Due to this indigestibility, I suppose, Sierra newts waddle around slowly, almost imperiously, right out in the open, like they don’t have a care in the world.  None of that paranoiac lizard-style scurrying from rock to rock for them. Sometimes, though, they get stepped on or run over in busy campgrounds, because evolution did not factor in hiking boots, distracted campers and Subaru Outbacks when designing the defensive systems of the newt.

When they decide it is time to meet a special friend and lay some eggs together, the newt returns to the pool from which they hatched–or tries to, since it might be difficult with all the pools in the Sierras drying up–but my guy found his way to the stream, and perhaps was napping, waiting for his lady newt to come by.

But here’s the best part–he was breathing through his skin. The gills he had as a baby are long gone, traded for fledgling lungs when he left his birth pool. But once back in the water, he dispenses with those clumsy organs altogether and draws oxygen out of the water straight through his skin, in a process called diffusion. That’s right. This handsome orange show-off breathes in three different ways over the course of his life: by gills, by lungs and, call it what you will, by magic, because this diffusion business is obviously pure sorcery. No wonder witches keep newt parts in their spice cupboards!

Leave a comment


  1. WOW! Amazing! I never knew any of this. Of course I am in the desert and don’t see many of these in my excursions out of the area. Thank for the nature lesson.

  2. I see orange newts like this in Western Massachusetts all the time. I wonder if they’re the same…they are really cute.

    • These guys only live in CA– in the Sierras, and west of the Sierras, basically. Your Western Mass newts are probably close relatives.

  3. Kelly, thanks for sharing your wonder and delight. I enjoyed your description of the moment, the video clip, and the science facts. And I agree: the underwater breathing is by magic! I know we have salamanders in southern Ontario, Canada, but I’m not sure if we have newts.

    • Thanks, Michael. Newts are a subgroup of salamander, so…maybe they’re in your neck of the woods?

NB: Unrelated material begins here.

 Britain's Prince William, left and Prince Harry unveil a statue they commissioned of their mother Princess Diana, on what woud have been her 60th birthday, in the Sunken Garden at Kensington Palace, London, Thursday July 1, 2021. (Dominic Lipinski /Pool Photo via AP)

      I think the term often applies to salamanders who spend a chunk of their life on dry land. But then, don’t some salamanders live in fire as well???? 🙂 I’m far from being an expert. In fact, I’m expecting to be corrected on something or other I’ve said here before long.

  4. Thank you for sharing this moment! It’s always nice to be reminded of the beauty and magic of the world, especially when things seem dark in our human political realm…

  5. I share your gobsmacked OMG! Last year we had newts in the small pond in the corner of my community garden. I spent more time sitting by the pond watching them than I did doing actual gardening. They were grayish with yellow-orange throats. Then the real excitement came when swarms of baby newts appeared. They all disappeared one day, eaten by something I guess, since they were still small. That was too bad for them but also for us. I’d been hoping that a newt army might rise up and do something about our slug problem.

  6. Well! That IS amazing. I’d never heard of them–though I too am from arid climes so…. My husband found a tiger salamander under a large stone in our garden once. That was quite a shock. Great video. What an interesting sight!

  7. This trait is indeed amazing and it is even more amazing when you think it is shared by (as far as I know) all amphibians. Most have lungs to breathe in the air but almost all can also breathe through their skin underwater. Can you imagine how convenient that would be to get oxygen directly to the blood stream?

    Not to be the bearer of bad news, but amphibians populations are declining both here in the US and abroad and it is scary

  8. Amphibious rumspringa! Never thought I’d see those two words strung together. I may have snorted when I read that.

  9. It is amazing! Just want to point out to you that evolution is a theory,not an entity, and therefore cannot be “designing” anything. Think deeper and don’t be credulous with regard to the things that are claimed that evolution can “do”.

    I come here off and on and appreciate a lot of the things you have to share. Thanks!